Der neue Plan der britischen Regierung wurde von vielen Brexit-Hardlinern als Abkehr vom EU-Austritt gewertet. Der als unternehmensfreundlich bezeichnete Plan sieht die Schaffung einer Freihandelszone mit der EU für Güter sowie weitere enge Beziehungen zur EU vor. Dadurch würde eine Landgrenze mit Kontrollen zwischen dem EU-Mitglied Irland und der britischen Provinz Nordirland vermieden. Der Dienstleistungssektor soll ausgenommen bleiben. Zudem behält sich Großbritannien das Recht vor, eigene Einfuhrzölle zu verhängen und neue Handelsabkommen mit Dritten zu schließen. In Zukunft soll das Parlament auch entscheiden können, ob europäische Regeln und Vorschriften befolgt werden.
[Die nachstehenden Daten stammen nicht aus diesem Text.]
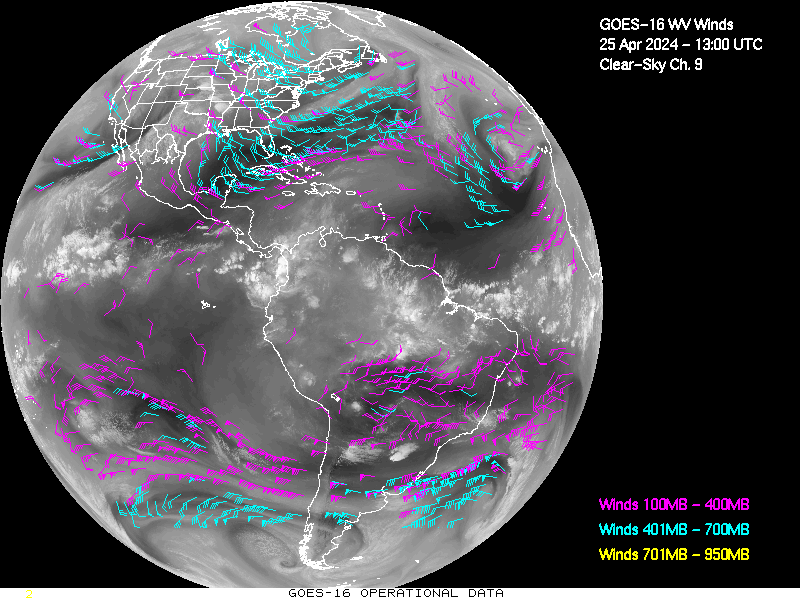GOES-16 Clear Sky WV Channel 9 Derived Winds - Full Disk - 04/25/2024 - 1300 GMT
Für May ist der Rücktritt von Davis ein heftiger Schlag. Sie muss nun mit weiterem Widerstand aus dem Brexit-Flügel ihrer Partei rechnen. Etwa 60 Abgeordnete in ihrer Fraktion werden dazu gezählt. Zwei Staatssekretäre im Brexit-Ministerium sollen ebenfalls ihren Hut genommen haben. Sollten weitere Regierungsmitglieder zurücktreten, könnte das May in ernsthafte Bedrängnis bringen. Selbst ein Sturz der Premierministerin scheint nicht mehr ausgeschlossen.
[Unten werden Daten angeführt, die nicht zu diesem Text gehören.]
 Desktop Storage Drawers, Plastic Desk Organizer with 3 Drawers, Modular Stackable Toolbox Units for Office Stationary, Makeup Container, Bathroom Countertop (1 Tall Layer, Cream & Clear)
Davis gilt als glühender Vertreter eines klaren Bruchs mit Brüssel. Er hatte bereits in der Vergangenheit mit seinem Rücktritt gedroht, sollte May das Land zu eng an Brüssel binden. Seit Langem gilt er als unzufrieden mit seiner Rolle in der Regierung. Davis hatte sich bei den Austrittsgesprächen in Brüssel stets nur kurz gezeigt und wirkte oft schlecht vorbereitet. Mehr und mehr übernahm May in den Verhandlungen selbst das Steuer. Sein Rücktritt stürzt die Regierung zur Unzeit in eine neue Krise. Großbritannien verlässt die Europäische Union am 29. März 2019. Bis dahin muss ein Austrittsabkommen stehen, sonst droht Chaos.
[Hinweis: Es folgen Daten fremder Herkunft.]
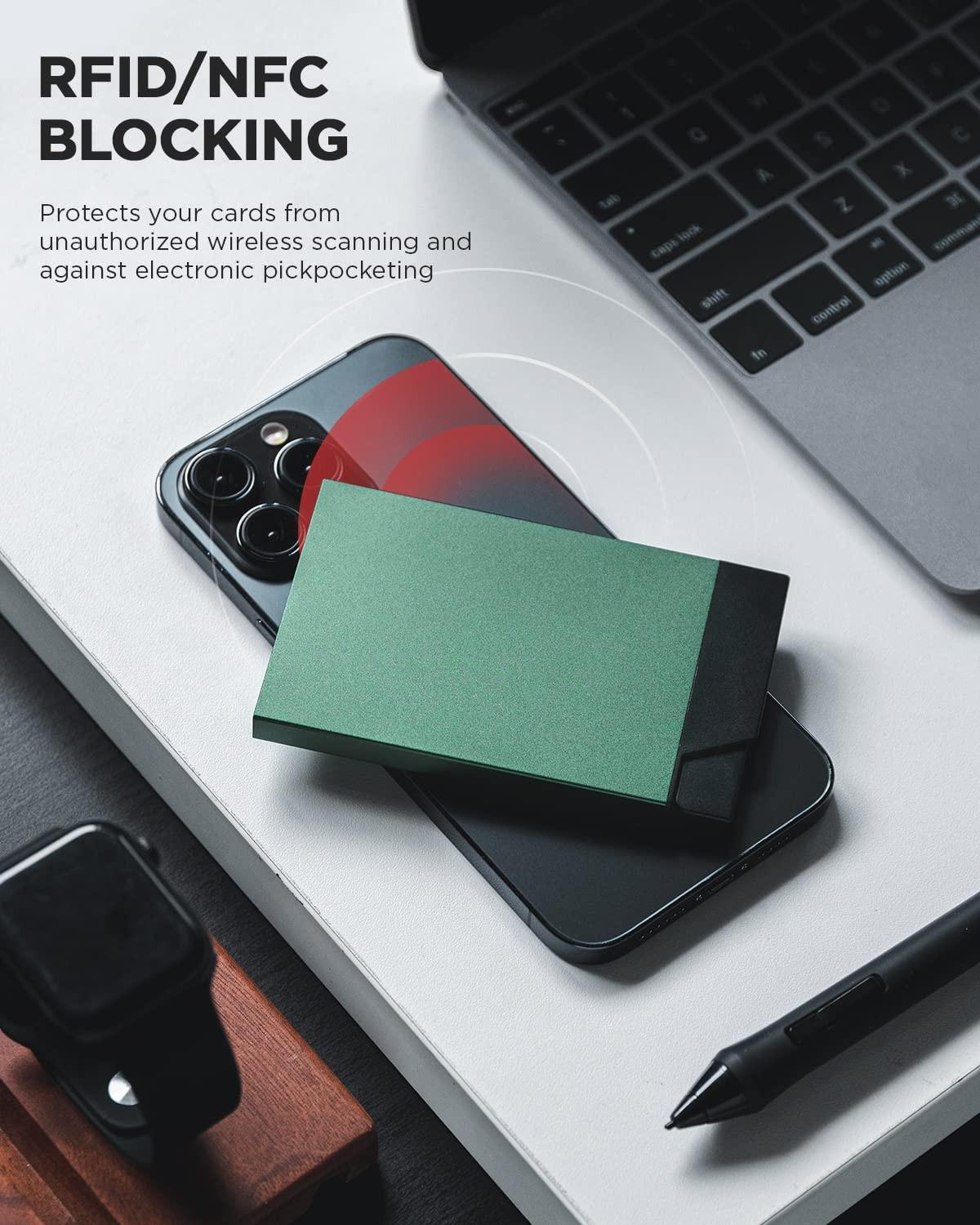 Only-bags.store Portacarte Metallo RFID NFC Protezione Slim Automatico Pop Up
Davis ist der sechste Minister, den May seit der Neuwahl im vergangenen Juni verliert. Verteidigungsminister Michael Fallon und Vize-Regierungschef Damian Green hatten nach Belästigungsvorwürfen ihre Posten aufgegeben. Entwicklungshilfeministerin Priti Patel trat zurück, weil sie sich ohne Absprache im Israel-Urlaub mit Ministerpräsident Benjamin Netanjahu getroffen hatte. Innenministerin Amber Rudd musste im Skandal um die unrechtmäßige Behandlung von Gastarbeitern aus der Karibik als illegale Einwanderer abtreten. Nur ein Rücktritt war nicht von einem Skandal ausgelöst worden: James Brokenshire hatte sein Amt als britischer Nordirland-Minister wegen einer Erkrankung aufgegeben. Er kehrte - gesundet - als Minister für Kommunen an den Kabinettstisch zurück.
EU-Kommissionspräsident Jean-Claude Juncker und Ratspräsident Donald Tusk haben es bei einer Pressekonferenz mit dem ukrainischen Präsident Petro Poroschenko vermieden, die Rücktritte des britischen Brexit-Minister David Davis und Außenminister Boris Johnson zu kommentieren. "Politiker kommen und gehen", meinte Tusk lapidar.
Die Position der EU in den Verhandlungen über den Austritt Großbritanniens ändere sich deshalb nicht, so Tusk. Dem schloss sich Juncker vollinhaltlich an.
Am Freitag hatte Davis seinen Rücktritt eingereicht, Johnson folgte am Montag. Beide gelten als Befürworter eines harten Brexits und dürften mit der Entscheidung der britischen Premierministerin Theresa May eine enge wirtschaftlich Anbindung an die EU zu behalten unzufrieden sein.